Local authorities determined that lightning caused the fire. Initially the fire was under control. But Vera said a heat wave and strong winds caused it to spread about 20 kilometers (12 miles) in a single day, making it the worst wildfire in two decades.
The region has been affected by drought since 2008. Temperatures during the first two weeks of January were about 6 degrees C (11 degrees F) above normal.
“These fires used to be self-extinguishing and were part of the natural dynamics of the forest,” Vera said.
“This is an example of how climate change can alter a natural fire, because it appears to have been caused by lightning,” Vera said.
There are no towns in that remote area.
In late January, fires broke out in the southern part of neighboring Chile and crossed into the Concepción metropolitan area, the country’s third largest metropolitan region, destroying hundreds of homes and killing 21 people in coastal communities.
Keeping said the fires mirror recent disasters in places such as Los Angeles, Athens and the Hawaiian island of Maui.
“Where there has been the greatest loss of life, it is almost always because evacuation is difficult or impossible,” Keeping said. “This is particularly true in regions affected by strong downslope winds toward the coast.”
FIRE SCREWS
Around 80% of Punta de Parra, a small coastal town in southern Chile surrounded by hills and forests, was destroyed.
Residents of Punta de Parra said they had little time to evacuate. Doralisa Silva, 34, said she learned about a fire in a nearby community the night the flames reached the city.
“Out of nowhere, the forest started burning and all the houses caught fire,” Silva said. “The fire reached us in the blink of an eye. We couldn’t do anything.”
Silva said his family was one of the last to try to flee because they did not have a vehicle. Silva said flames blocked her exit as embers rained down as she and her partner Hermes Barrientos fled with their 2-year-old daughter.
Barrientos said winds of nearly 70 kilometers per hour (43.5 mph) hit the area, creating fire whirlwinds that spread to the beach and trapped residents. The family and others eventually found shelter in a large dirt field in the center of town and spent the night watching their community burn.
A FUTURE FILLED WITH FIRE
Record heat in southeastern Australia has also fueled the country’s worst fires since the deadly 2019-2020 season, when 33 people died.
Additionally, the 2025-2026 fire season has been the most serious in South Africa in a decade, according to officials, killing wildlife and affecting tourist destinations such as Mossel Bay and Franschhoek.
“The hot, dry and windy conditions that drive the most extreme wildfires are becoming more intense and more likely,” Keeping said. “And it’s happening all over the world.”

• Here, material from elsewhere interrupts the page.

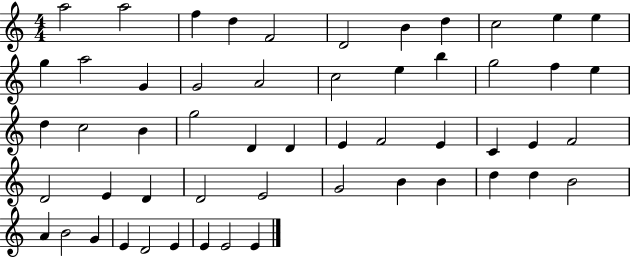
A5/h A5/h F5/q D5/q F4/h D4/h B4/q D5/q C5/h E5/q E5/q G5/q A5/h G4/q G4/h A4/h C5/h E5/q B5/q G5/h F5/q E5/q D5/q C5/h B4/q G5/h D4/q D4/q E4/q F4/h E4/q C4/q E4/q F4/h D4/h E4/q D4/q D4/h E4/h G4/h B4/q B4/q D5/q D5/q B4/h A4/q B4/h G4/q E4/q D4/h E4/q E4/q E4/h E4/q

The Southern Hemisphere has warmed by 0.15 to 0.17 degrees C (0.27 to 0.30 degrees F) per decade since the 1970s, compared with 0.25 to 0.30 degrees C (0.45 to 0.54 degrees F) in the Northern Hemisphere, largely because its vast oceans absorb heat more slowly and due to meltwater from Antarctica.
Still, southern land masses are warming at a similar rate to northern land masses, and contrasts between warming land and cold meltwater can intensify weather patterns, leading to prolonged heat waves, droughts or floods.
Maintaining such adaptation is essential, including for authorities who manage vegetation near cities and develop effective evacuation plans, and for builders who use fire-resistant materials. Wildfires are causing increasing economic damage. A 2026 report by insurance broker Aon estimated global insured losses from wildfires at $42 billion in 2025, up from an average of $4 billion annually between 2000 and 2024. Last year’s Los Angeles fires were the costliest on record.
Swiss Re, the world’s second-largest reinsurer, found that wildfires accounted for about 1% of global insured losses from natural disasters before 2015, but now account for 7%, and fire-related economic losses have increased by about $170 million a year since 1970.
“You can’t actually stop a lot of these really big, intense wildfires. They’re just too big,” Keeping said.
The most important way forward, Keeping said, is to “have a serious conversation about how to limit future climate change to prevent this problem from getting worse.”